As a web design customer you’ll probably have seen or heard lots of industry buzzwords while searching for a web designer to work with. Terms like Dreamweaver, Photoshop, or SEO might have grabbed your attention, but, under all the gloss, how do you know if your designer isn’t going to pulling the wool over your eyes and give you a sub standard product? Here’s a few questions you should ask…

1. Do you hand code or use a WYSIWYG editor?

This one really sorts the men from the boys!

WYSIWYG editors are visual based HTML editing tools. They’re fine for amateurs, but the code they produce is often sloppy, flawed and can be full of errors, and no professional web designer wants that.

Dreamweaver is a popular WYSIWYG editor but it does have a proper coding interface as well, the only problem is that a “designer” might tell you they’re using Dreamweaver to hand code to make them sound better.

2. Do you code to W3C standards

The W3C provide the core standards for coding web pages, so as to ensure consistency as to how the many different web browsers render web pages. As far as self respecting web designers go these standards are the rule book to follow.

Why not test your own pages using the W3C Markup Validation Service. Ideally your site will be error free but if you have more than a couple of errors you should ask questions!

3. Will my site work with all the popular web browsers?

Your site should work perfectly in the latest web browsers: Internet Explorer 7, Firefox, Opera and Safari, and adequately in Internet Explorer 6 at the very least.

Support for older versions of Internet Explorer, Netscape and the myriad of other browsers is really a matter for you to decide.
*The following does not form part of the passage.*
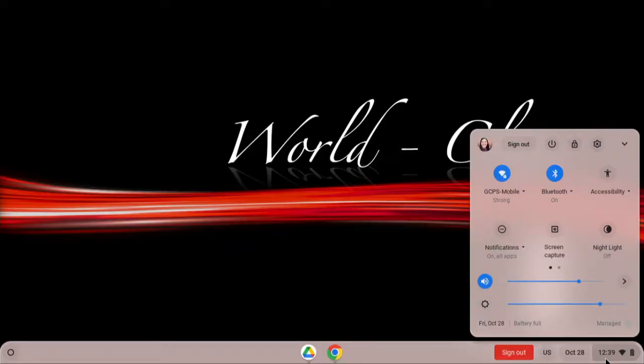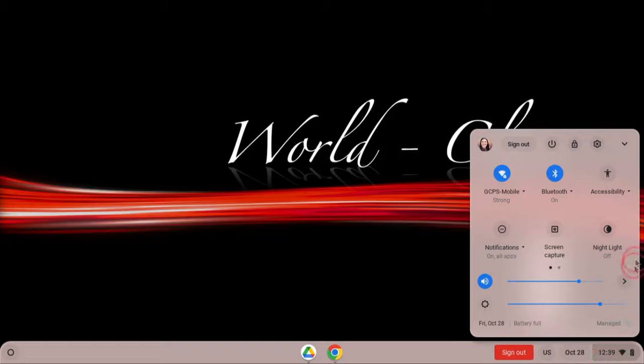When you click on the time in the bottom right corner, this opens the settings for your Chromebook. Here you will find several options. Along the top, you can sign out, power off, or lock your Chromebook.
However, when catering for older browsers the cost benefit is often almost nil since older browsers might only account for < 0.5% of your total visitors.

4. Do you use HTML tables for layout?

If they say “yes” put down the phone, or walk out the room, it’s time to start looking elsewhere.

HTML tables are for presenting tabular data and not full web pages. You can use tables for layout purposes but it’s not advised - Why tables for layout is stupid.

5. Will my site be accessible to people with disabilities?

And I’m not just talking about blind people here. You have groups like the deaf, colour blind, people with paralysis or only partial use of fingers and hands, not to mention folks who have short memories, semi literate, or dyslexic. When you start add those up you run into millions of people just in the UK, all with billions of pounds to spend.

Accessibility starts with coding web pages to the W3C standards as mentioned earlier, and a compliant site will be a long way on the road to being accessible.